旭川医大とNTT東のシステム開発失敗を巡る裁判、仕様変更を繰り返した医大の全面敗訴に

あるAnonymous Coward 曰く、

NTT東日本が受注していた旭川医科大学病院の電子カルテ・情報管理システムの納入遅延を受けて両者が争っていた裁判で、札幌高裁が8月31日、旭川医科大学に対しNTT東日本に約14億1500万円を支払うよう命じる判決を出した(毎日新聞)。この裁判では昨年3月、旭川地裁が旭川医大からNTT東に約3億8300万円、NTT東から旭川医大に約3億6500万円を支払うという内容の賠償命令が出ていたが(産経新聞)、それが覆されたものとなる。

背景については日経ITproの記事が詳しいが、追加の仕様変更を繰り返した旭川医大側に100%の責任があるとして、医大側の全面敗訴となる判決になったようだ。

この病院情報管理システムは2008年8月に入札が実施されNTT東が落札したもの。
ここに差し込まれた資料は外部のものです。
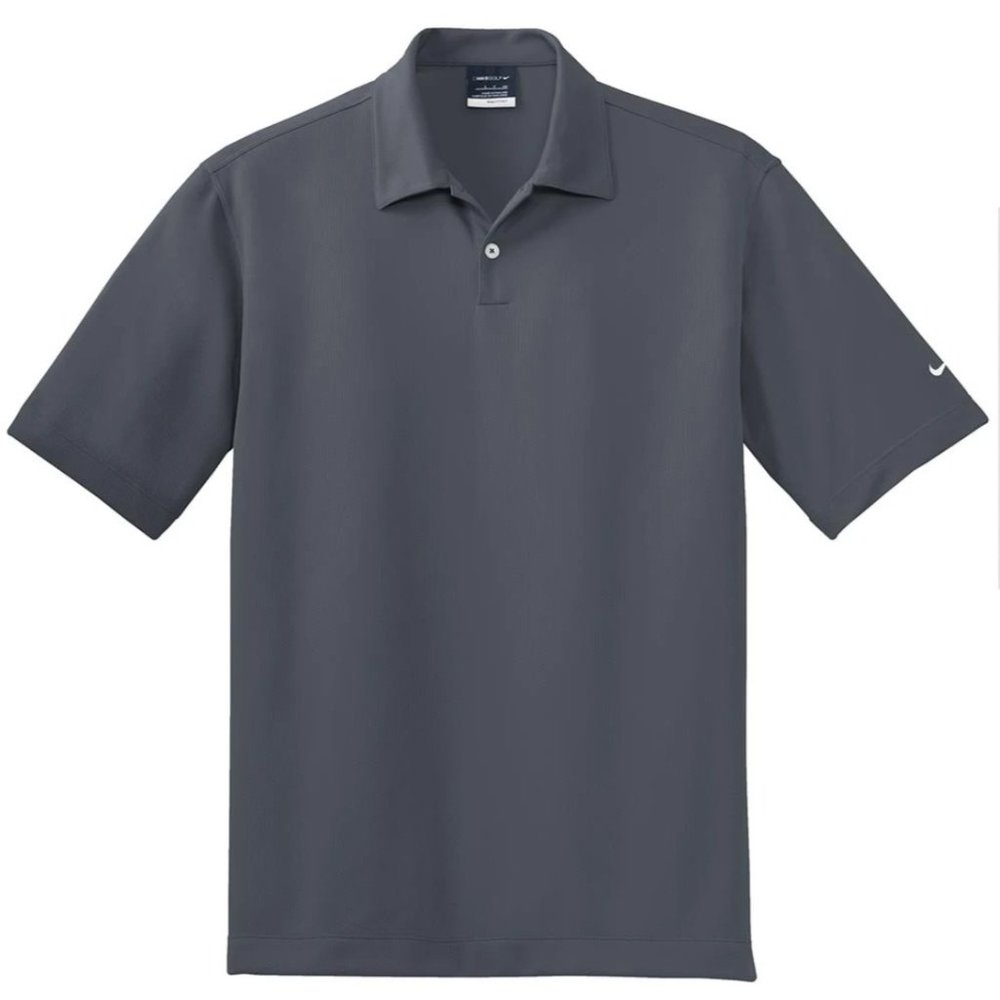 Nike Men's Grey Dri-FIT Short Sleeve Pebble Polo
当初は日本IBMと共同開発したパッケージをカスタマイズして導入するという計画だったが、2009年3月に医大側は現行システムの機能全てが必要と主張して625項目の追加開発を要請したという。2009年9月にリリースの2010年1月への延期と仕様凍結で両社が合意したが、その後も旭川医大側は171項目の追加要望を出したという。
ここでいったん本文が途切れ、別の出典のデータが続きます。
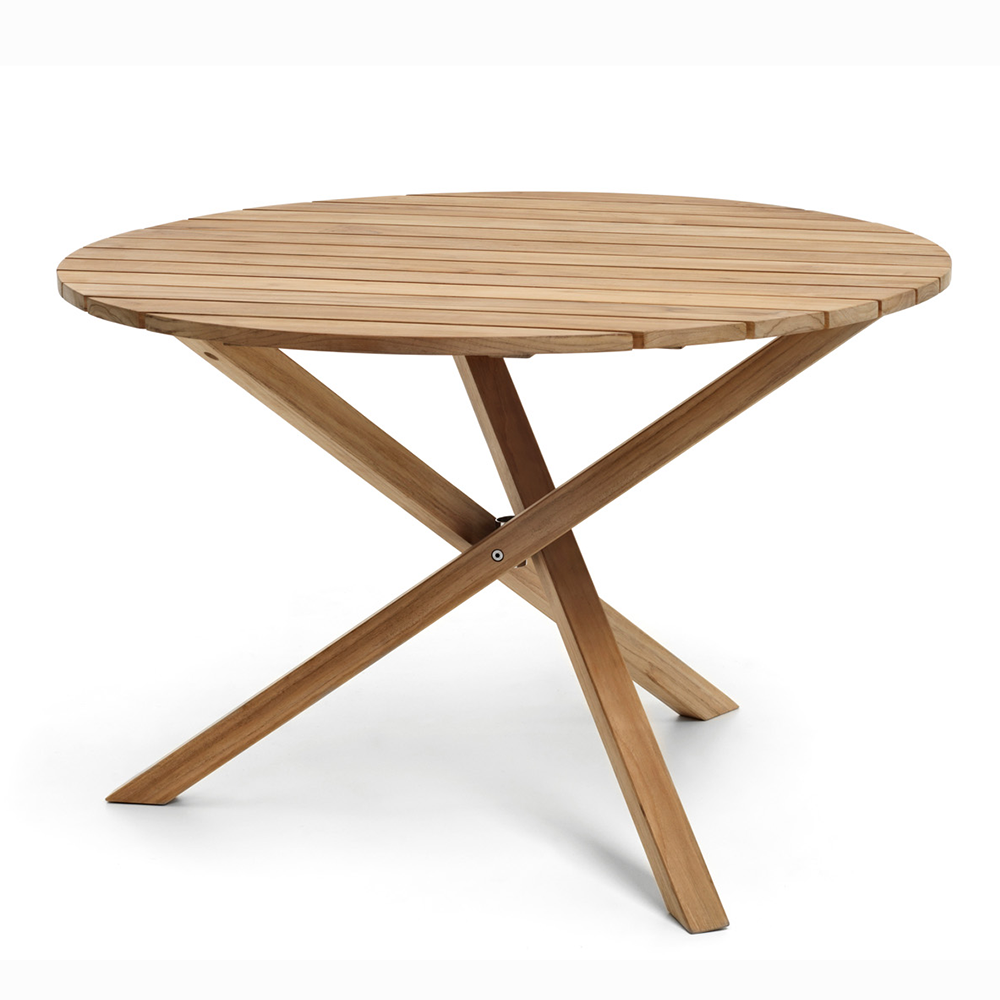 InOut-Form Bord Teak 110ø spisebord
最終的に本番システムの稼働予定である2010年1月にはシステムの引き渡しを行えず、2010年4月に旭川医大は契約解除を通告。その後、NTT東は約22億8000万円の損害賠償を求めて旭川医大を提訴。また、旭川医大はNTT東に対し逸失利益などの損害賠償約19億4000万円を求めて提訴する事態となっていた。

裁判では、一審、控訴審ともに旭川医大側に義務違反があると認定。いっぽう、NTT東については一審では追加要望で開発が遅延すると予測できる場合に拒絶などの適切な対応を行うべきだったとしてマネジメント義務違反があるとしていたが、控訴審ではNTT東が追加要望を受け入れれば開発に遅延が生じてシステム稼働予定に間に合わなくなると繰り返し説明していたことや、仕様凍結合意を行っていたことからマネジメント義務には違反していないと認定した。